#### Your goal:
Print the whole listing below exactly as given, pictures excluded.
──────
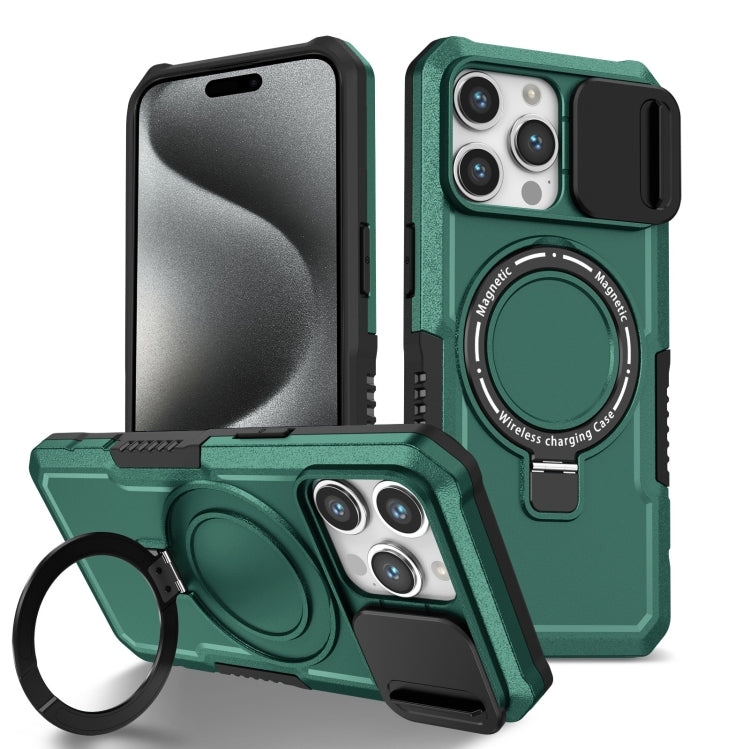 Sliding Camshield MagSafe Holder TPU Hybrid PC Phone Case, For iPhone 15 Pro Max, For iPhone 15 Pro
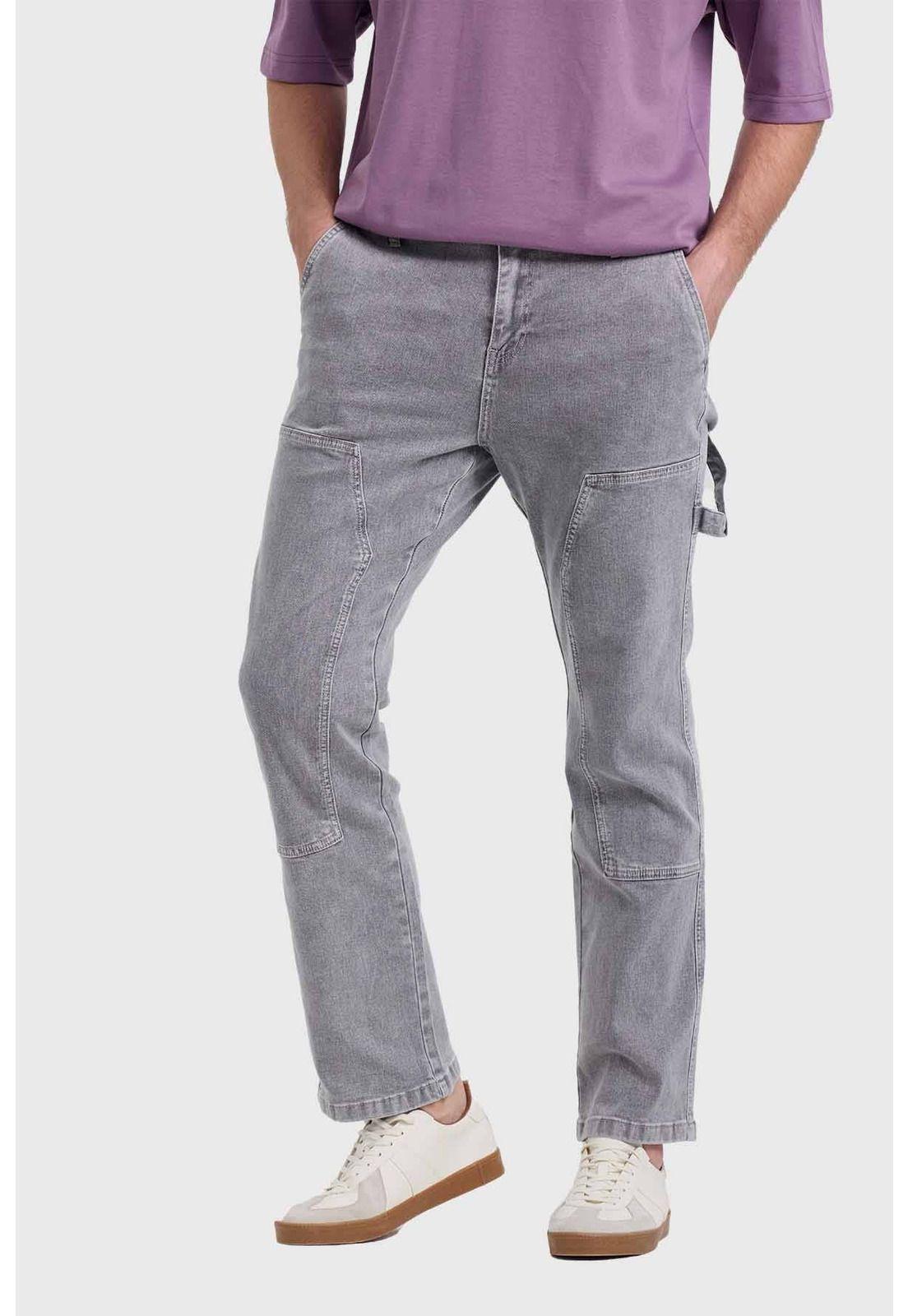 Jeans Hombre Costura Pierna Gris-0
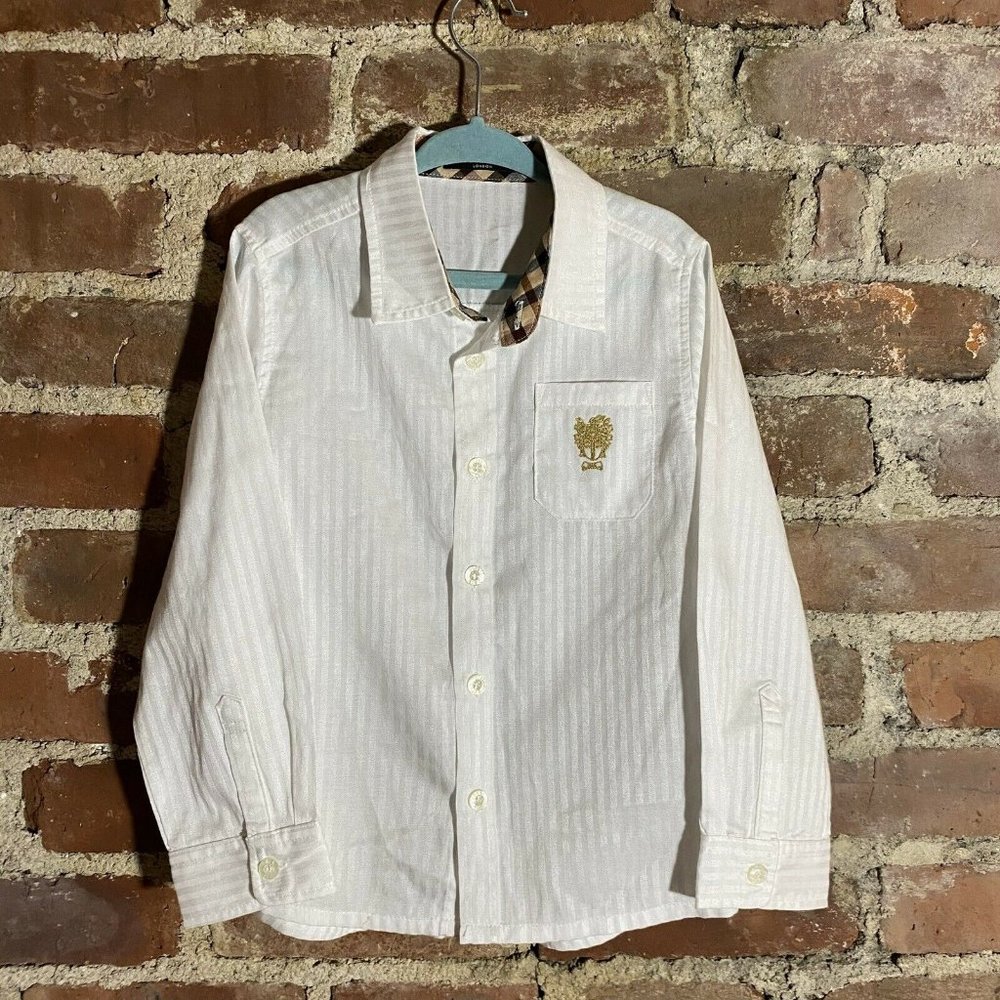 DAKS England Boy’s Dress Shirt 6Y Plaid Trim Gold Crest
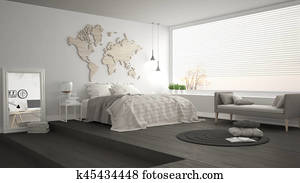 Scandinavian minimalist bedroom, minimalistic modern interior design Scandinavian minimalist bedroom, minimalistic modern interior design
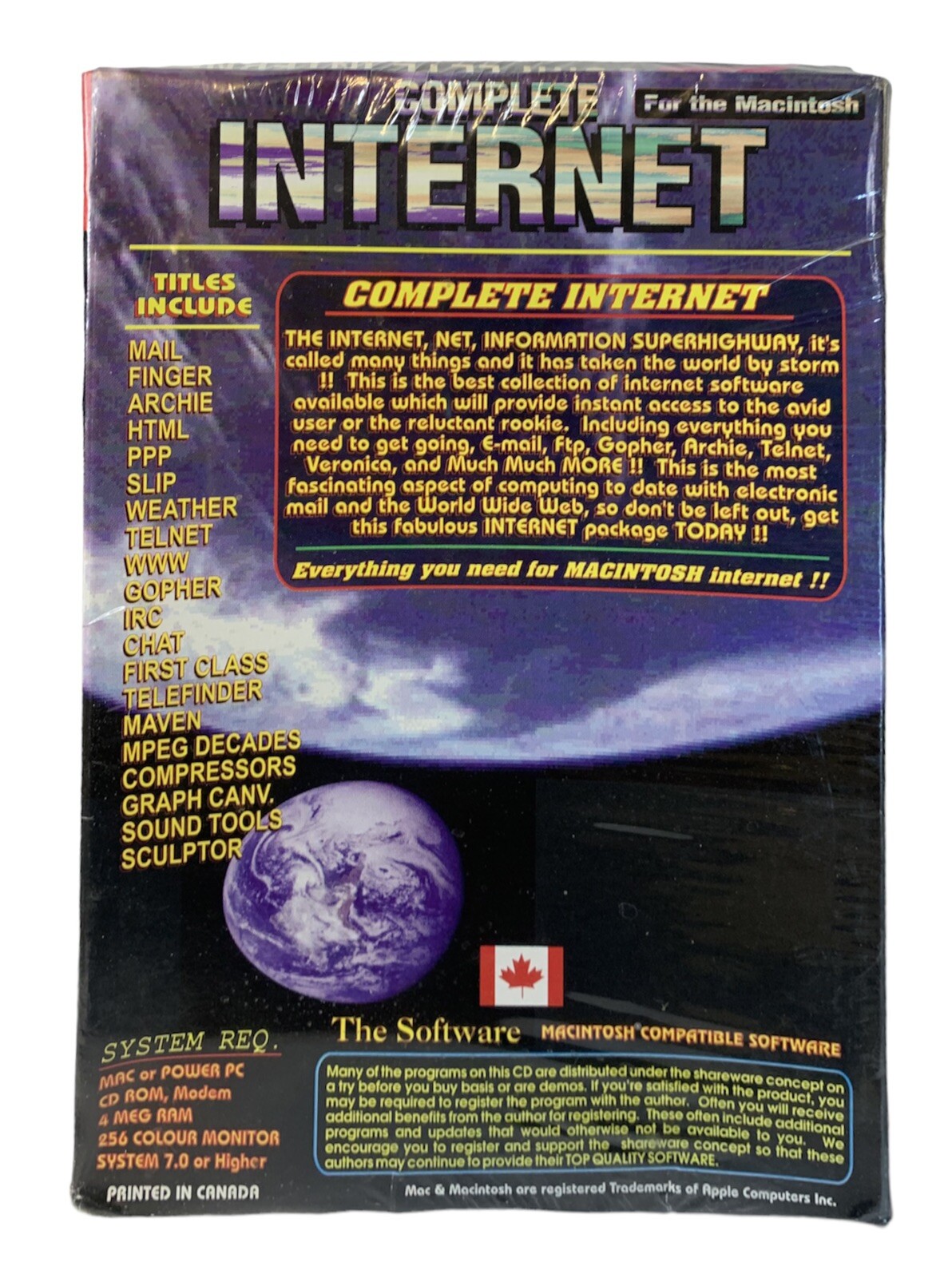Complete Internet CD Rom by Software Solutions for Mac Sealed VTG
──────
#### Answer section:
 Sliding Camshield MagSafe Holder TPU Hybrid PC Phone Case, For iPhone 15 Pro Max, For iPhone 15 Pro
 Jeans Hombre Costura Pierna Gris-0
 DAKS England Boy’s Dress Shirt 6Y Plaid Trim Gold Crest
 Scandinavian minimalist bedroom, minimalistic modern interior design Scandinavian minimalist bedroom, minimalistic modern interior design
Complete Internet CD Rom by Software Solutions for Mac Sealed VTG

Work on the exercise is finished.